> **TASK DESCRIPTION**
An exact copy of each line below is needed, with no images in it.

> **RAW DATA**

□ □ □

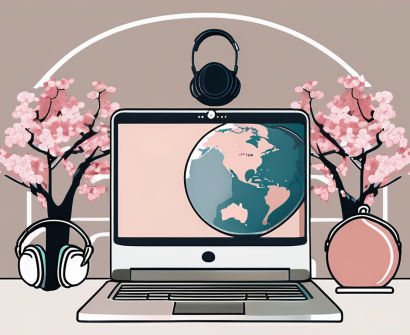 A digital classroom setup with a laptop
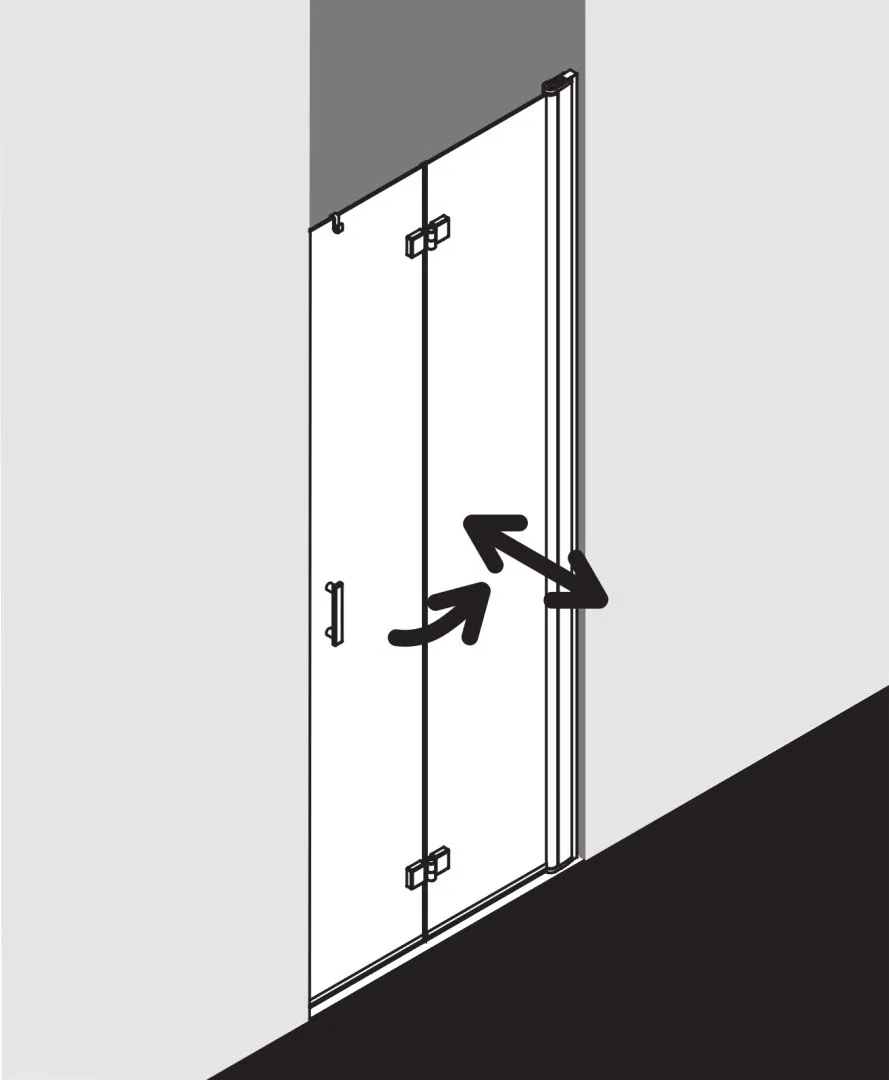 Kermi Pendel-Falttür rechts „Diga“ Glas Klar, Profile Silber Hochglanz, Falttür BV: 683 - 708 mm WE: 683 - 708 mm H: 1850 mm Kermi Pendel-Falttür rechts „Diga“ Glas Klar, Profile Silber Hochglanz, Falttür BV: 683 - 708 mm WE: 683 - 708 mm H: 1850 mm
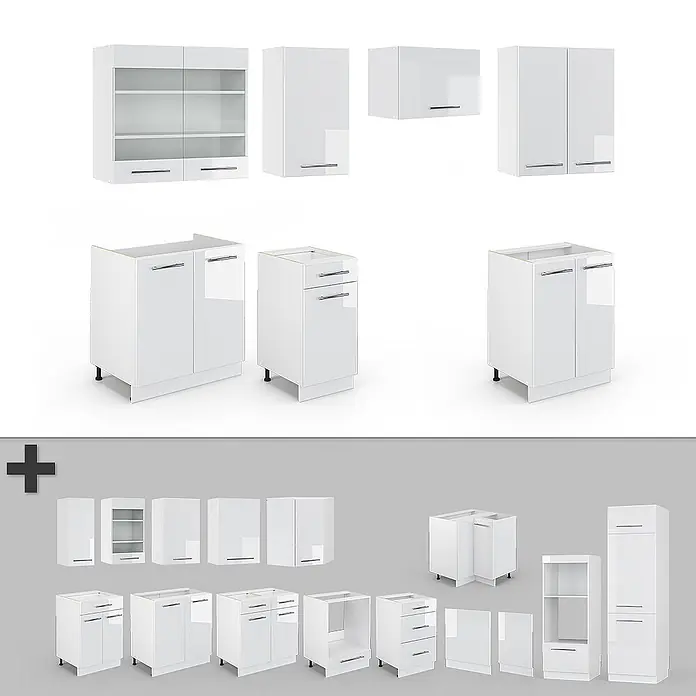 Vicco Küchenzeile Fame-Line Weiß Hochglanz/Weiß ohne Arbeitsplatte - Breite: 240 cm, Weiß Hochglanz, Ohne Elektrogeräte - Set aus verschiedenen weißen modularen Küchenschränken mit Hochglanzoberfläche und Chromgriffen, inklusive Wand- und Unterschränken.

□ □ □

> **OUTPUT FOR THIS TASK**
 A digital classroom setup with a laptop
 Kermi Pendel-Falttür rechts „Diga“ Glas Klar, Profile Silber Hochglanz, Falttür BV: 683 - 708 mm WE: 683 - 708 mm H: 1850 mm Kermi Pendel-Falttür rechts „Diga“ Glas Klar, Profile Silber Hochglanz, Falttür BV: 683 - 708 mm WE: 683 - 708 mm H: 1850 mm
 Vicco Küchenzeile Fame-Line Weiß Hochglanz/Weiß ohne Arbeitsplatte - Breite: 240 cm, Weiß Hochglanz, Ohne Elektrogeräte - Set aus verschiedenen weißen modularen Küchenschränken mit Hochglanzoberfläche und Chromgriffen, inklusive Wand- und Unterschränken.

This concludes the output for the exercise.